Of course, as complicated social organisms we are able to create food anxiety that has nothing to do with scarcity.  Such manufactured anxiety may not possess quite the same power to absorb our thoughts that real hunger does, but anxiety is anxiety is anxiety. Just because you are worrying about status or moral standing rather than starvation does not make it less worrying. It can easily look silly viewed from the outside, silly in a way that worrying about having enough to eat never can. But to the person immersed, for instance, in a culture that takes the proper use of silverware terribly seriously, it is quite possible to suffer real agony about fish forks. 

I doubt many people in recent years have suffered from that particular anxiety. We have mostly moved beyond such manners. But where people used to worry about using the right fork, now they worry about using the right chicken. We have attached significant prestige to a sort of fussy, geeky obsession with the actual food we eat, rather than how or where or when or with whom we eat it. It has become terribly important to know a great deal about ingredients. You have to recognize the esoteric ones, the fennel pollen and popcorn shoots and botarga, and you have to know the sourcing of everything. Fresh is not good enough. Organic is not good enough. Local is not good enough. Heirloom is not good enough. Artisanal is not good enough. It has to be all those and more. It has to have a story. It has to provide evidence of conscious moral, aesthetic choice–of craft–from conception to consumption. 

To eat anything less is to reveal yourself as a member of that vast undifferentiated, overfed  blob of humanity whose ignorance, indifference and simple lack of good taste makes it a tool of the destructive corporate-political food system. You are what you eat, and so you know what you are when you eat inferior food.

There is nothing wrong with most of the concerns that fuel this food anxiety. We should know something about what we eat, and there are plenty of things in our food we should worry about. Most processed food in this country is made with profit, not your health, in mind, and it is quite possible for profit to be at odds with your health. And it is certainly possible for profit to be at odds with quality. It does not help that we feel entitled to insanely cheap food and are addicted to convenience. Combined with our natural desire for salt, sugar and fat, these make us easy prey for processors armed with carefully engineered brands. It is high time we fight back.

But we need to fight back on behalf of everyone who eats, not make this another opportunity for social distinction.

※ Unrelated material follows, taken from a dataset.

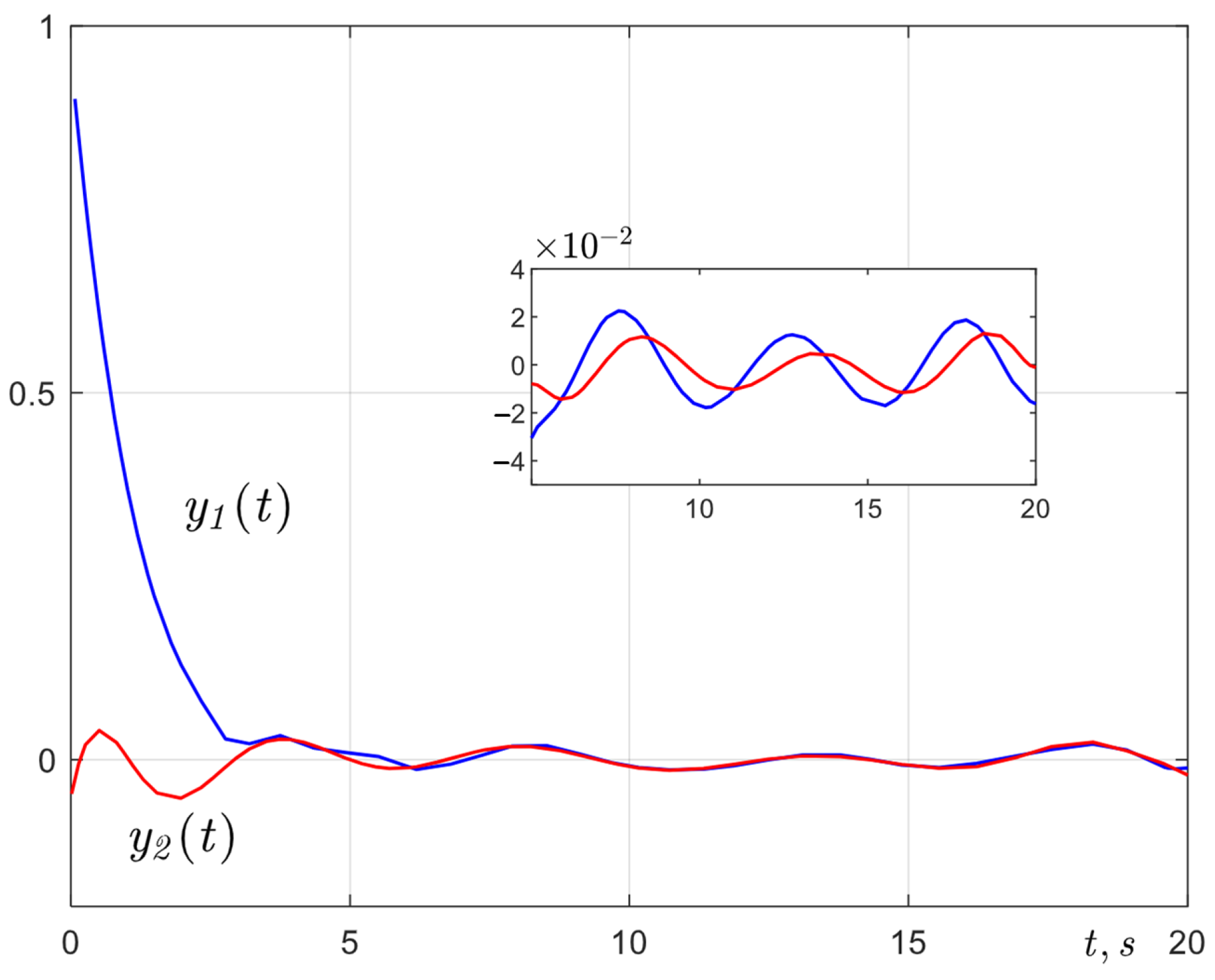 Actuators 13 00452 g007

If those with with world and time enough want to seek out small batch, artisanal tonic water and pasture-raised heirloom chickens fed on scraps from four star restaurants, let them. Let’s not, however, turn food itself into a dividing line between in and out, good and bad, knowledgeable and ignorant, cultured and uncultured, rich and poor. The good food snobbery and concomitant anxiety that drives people to absurd lengths only serves to make eating well appear elitist, thus turning off many of the people who would benefit most from a healthy diet and creating a fault line the giant food processors will eagerly exploit. The vast majority of Americans could end up eating worse because the few eat better.

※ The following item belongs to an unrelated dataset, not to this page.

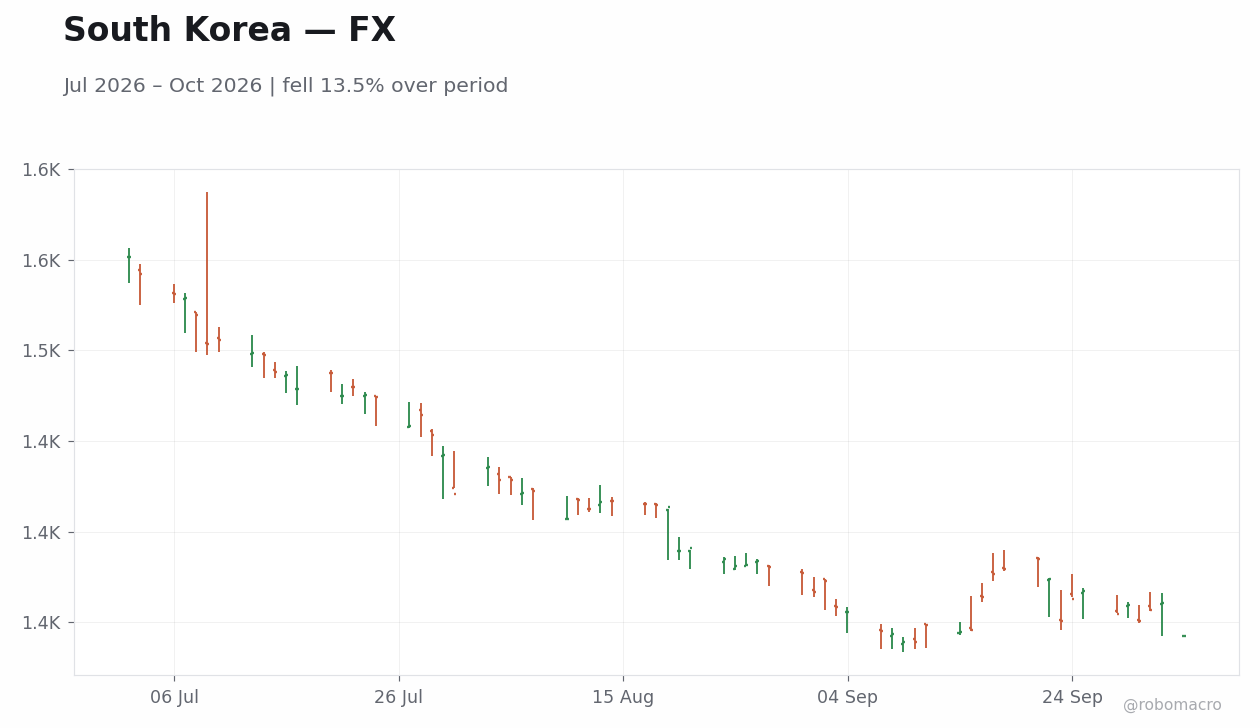 Chart 2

we must commit not just to feeding everyone in this country, though it would be nice if we could at least commit to that, but to feeding everyone well. We don’t need right now to expend huge efforts to make sure 200 people can have sublime chicken. We need to work hard to make sure everyone can have good chicken, raised without massive doses of hormones and antibiotics, given a chance to see the sky, butchered in clean facilities, and sold at a price both the consumer and the farmer can afford. Only when we have freed everyone from real food anxiety should people have the luxury of indulging in worries about the correctness of their poultry’s upbringing.